Vatikan ve antik Roma mezarlıklarında yakın zamanda yapılan kazılarda uzun zamandır unutulan bir gelenek ortaya çıkarıldı: Romanlar, ölüleriyle beraber yemek yer ve hatta onları beslerlerdi. Mezarların bir çoğunda, kabrin dışından ölünün vücuduna uzanan bir boru bulunuyor. Bu boru sayesinde ölüye şarap, bal ve diğer yiyecekler iletiliyordu. Roman mezarlarındaki borulara benzer cisimler ayrıca İngiltere'de de ortaya çıtkı. Antik Romanlar sık sık ölülerinin mezarının yanında piknik yaparlardı çünkü ölen kişinin de onlarla beraber beslendiğine inanırlardı.

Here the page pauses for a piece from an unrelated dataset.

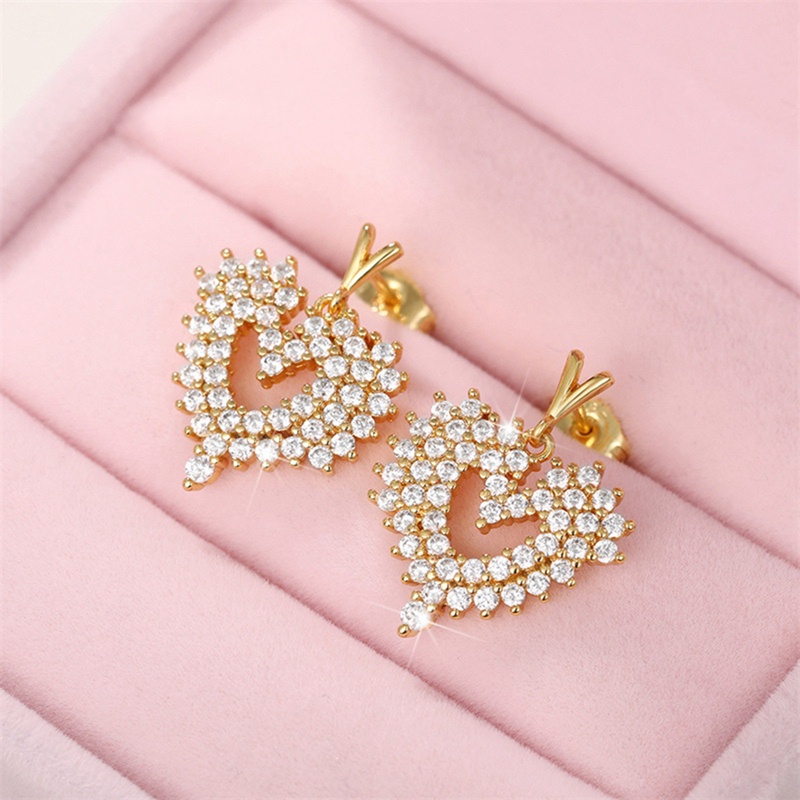 Sparkling Cubic Zirconia Heart Drop Earrings Untuk Wanita Baru Didesain Perempuan Aksesoris Telinga Pesta Pernikahan Perhiasan Trendi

Kenya ve Tanzanya'da bulunan etnik bir Afrikalı gruba ait olan bu gelenekte arkadaşlar birbirlerini garip bir şekilde selamlıyor: tükürerek.

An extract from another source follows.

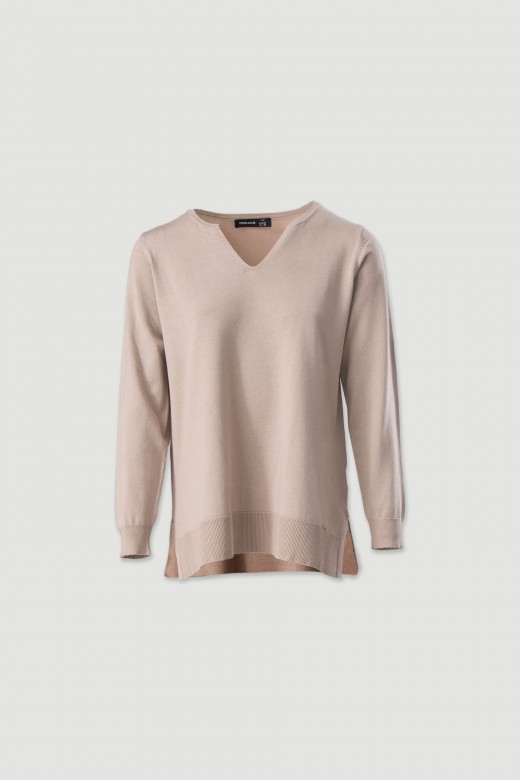 Camisola de malha bsica em bico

Yeni bir bebek doğduğunda Masai erkekleri onun üzerine tükürerek, kötü ruhların ona yaklaşmasını önlüyorlar. Yaşlı kişileri selmalarken, bir Masai savaşçısı, yaşlı kişiye sıkması için elini uzatmadan önce avcuna tükürür. Bu, bir saygı işaretidir.
Güney Sulawesi, Endonezya'da yaşayan Torajan adlı etnik grup için cenaze töreni hayatın oldukça önemli parçalarından birisidir ve bir ailenin tören için gerekli parayı biriktirmesi zaman alabilir. Aylar süren bu zaman diliminde ailenin ölü üyesinin bedeni giysilere sarılarak evin altında bir yerde saklanır. Torajanlar ölen ruhun, cenaze gerçekleşene kadar onlarla yaşadığına inanır. Ölen kişi gömülmeye hazır hale geldiğinde tabutu genellikle bir mağaranın içine yerleştirilir ve ölen kişinin heykeli mağaranın girişinde dışarı bakar şekilde yerleştirilir.
Japonya ve Rusya'nın çeşitli yerlerindeki yerel kabileler, Ainular bir zamanlar etnik azınlığı animist (canlıcılık) dini kökleriyle etkilemişlerdi. Doğaya tapmaları nedeniyle, insanlığı kutsaması için ayıları öldürme geneleği geliştirmişlerdi. Bu ayinde, mağarasında kış uykusuna yatmış bir anne ayı seçiliyordu. Yavruları ise iki sene boyunca bir kafeste tutuluyordu ve bu sürenin sonunda dindarlıklarını göstermek için ‘dini geleneklerine uygun bir şekilde' vahşice katlediliyordu. Köylüler ayıyı kestikten sonra onun kanını içiyor ve etini yiyordu. Öldürülen ayının kafatası ters bir şekilde kendi derisine sarılarak bir mızrağın tepesine saplanıyordu. Mızrak anlamlı bir yere saplanıyor ve ona tapılıyordu. Ainular ayıların tanrı olduğuna ve onların insanların arasında yürüdüğüne inanıyor. Japonya'da bu ayin yasaklanmış olsa da bazı yerlerde devam ediyor.